Chile Colorado
User Reviews
4.8
-
Prep Time
15 mins
-
Cook Time
1 hr 35 mins
-
Total Time
1 hr 50 mins
-
Servings
6 servings
-
Calories
328 kcal
-
Course
Main Course
-
Cuisine
Mexican
Chile Colorado
Description
This Chile Colorado recipe uses a blend of dried Mexican chiles including guajillo, ancho, and arbol that are softened by boiling, then pureed with garlic, onion, oregano, cumin, and salt to create a smooth red chile sauce. The beef is seasoned with flour, salt, and black pepper, then seared for a crusty exterior before simmering in the chile sauce with beef broth and bay leaf until tender.
The combination of multiple chile varieties yields a balanced heat and smoky depth, complemented by the oregano and cumin for warmth and complexity. Cooking the beef in the sauce allows the flavors to penetrate fully while the flour helps thicken the stew. The bay leaf adds an herbal note.
This stew can be served with rice, tortillas, or beans to soak up the flavorful sauce. Variations can use pork or chicken in place of beef, and it can be prepared in a slow cooker or pressure cooker for convenient cooking methods.

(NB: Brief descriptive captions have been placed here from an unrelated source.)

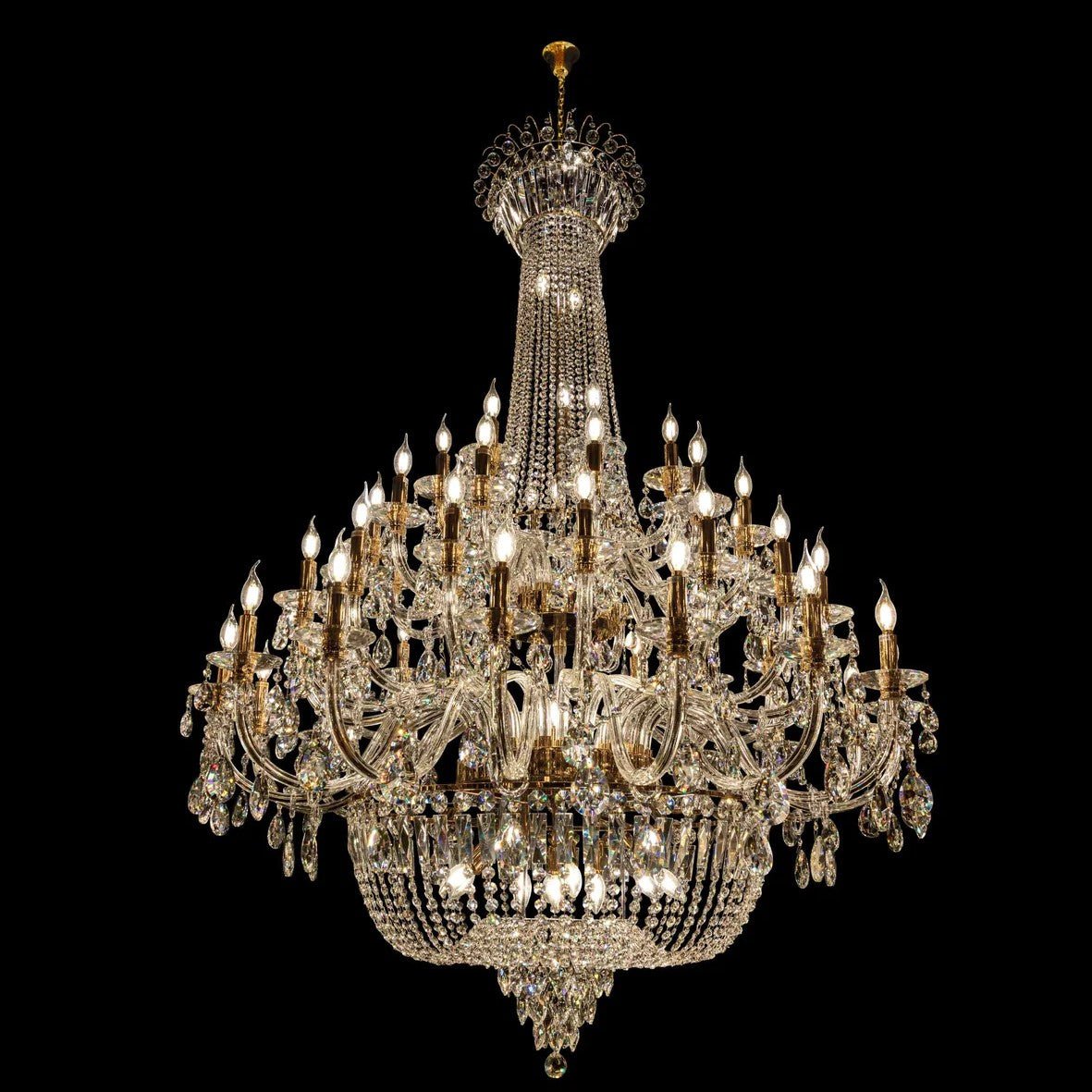 Extra Large European-style Multi-layers Candle Luxury Crystal Chandelier Gold Art Foyer/Staircase Decorative Light Fixture - 4 Layers /52+10 Lights/D57.1"*H78.7"(D145cm*H200cm)/120kgGoldWarm LightBlushlighting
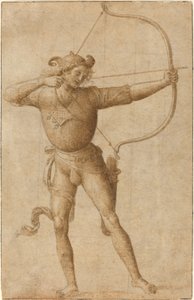 Bueskytter tegner en bue av Follower of Pietro Perugino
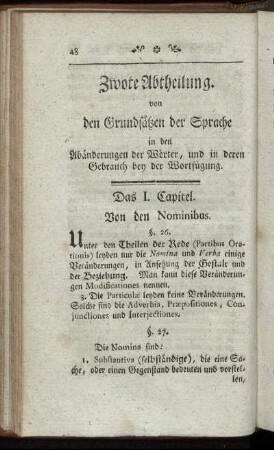 Das I. Capitel. Von den Nominibus.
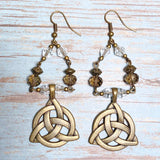 Celtic Knot Bronze Glass Earrings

The red chile sauce can be made in advance and frozen, which is practical for meal prep. Substitutions like gluten-free flour or vegetarian proteins allow adaptation. Adjusting chiles can control the heat level.
Ingredients
- 8 guajillo chiles stemmed and seeded
- 2 ancho chile stemmed and seeded
- 1 arbol chiles stemmed
- ½ yellow onion
- 1 teaspoon oregano dried
- 1 ½ teaspoon kosher salt divided, plus more to taste
- 1 clove garlic
- ½ teaspoon cumin ground
- 2 pounds beef like chuck shoulder or roast, cut into ½-inch chunks, stew meat
- 2 tablespoons all-purpose flour
- ¼ teaspoon black pepper freshly ground
- 2 tablespoons olive oil
- 2 ½ cups beef broth
- 1 bay leaf
Instructions
- Make the red chile sauce. Add the guajllo chiles, ancho chiles, árbol chiles, and onion to a medium pot. Cover with water until they’re completely submerged and bring to a boil over high heat. Remove from heat, cover, and let it sit for 20 minutes to soften the peppers.
- Using a slotted spoon, transfer the softened chiles and onions into a large blender. Add in 1 cup of the chile-soaked water, the dried oregano, 1 teaspoon salt, garlic, and cumin. Blend until smooth. Add some of the beef broth from the meat ingredients as needed if the mixture is too thick for your blender. Set aside.
- Toss together the beef, flour, the remaining ½ teaspoon salt, and black pepper in a large bowl.
- Heat the oil in a large pot or Dutch oven over medium-high heat. Add in half of the meat and brown on all sides so they have a good sear, about 5 minutes. Transfer the browned beef into a bowl and repeat the process with the remaining uncooked meat.
- Add all the meat back into the pot, and add in the blended red chile sauce, broth, and bay leaf. Stir to combine and bring to boil. Reduce heat to simmer, cover, and cook for 45 minutes or until the meat is tender.
- Uncover, taste, and add more salt as necessary. Raise to medium heat and cook for another 15 minutes, until the sauce has reduced and thickened slightly. If you prefer a thicker sauce, cook longer.
- Discard bay leaves and serve with Mexican rice and beans.
Notes
- The red chile sauce can be prepared ahead and frozen for up to 6 months.
- You can substitute pork shoulder or chicken thighs for the beef stew meat.
- For a vegetarian version, use cooked nopales, potatoes, or chickpeas instead of meat.
- Add a small amount of Mexican chocolate to the sauce for a subtle sweetness and depth.
- This stew can be made in a slow cooker or Instant Pot for hands-off cooking; textures may vary.
- Use gluten-free flour substitutes if needed.
Nutrition Information
Show DetailsNutrition Facts
Serving: 6servings
Amount Per Serving
Calories 328 kcal
% Daily Value*
| Serving | 1serving | |
| Calories | 328kcal | 16% |
| Carbohydrates | 15g | 5% |
| Protein | 37g | 74% |
| Fat | 13g | 20% |
| Saturated Fat | 3g | 15% |
| Polyunsaturated Fat | 1g | 6% |
| Monounsaturated Fat | 7g | 35% |
| Cholesterol | 94mg | 31% |
| Sodium | 865mg | 36% |
| Potassium | 1049mg | 22% |
| Fiber | 5g | 20% |
| Sugar | 7g | 14% |
| Vitamin A | 4358IU | 87% |
| Vitamin C | 6mg | 7% |
| Calcium | 47mg | 5% |
| Iron | 5mg | 28% |
* Percent Daily Values are based on a 2,000 calorie diet.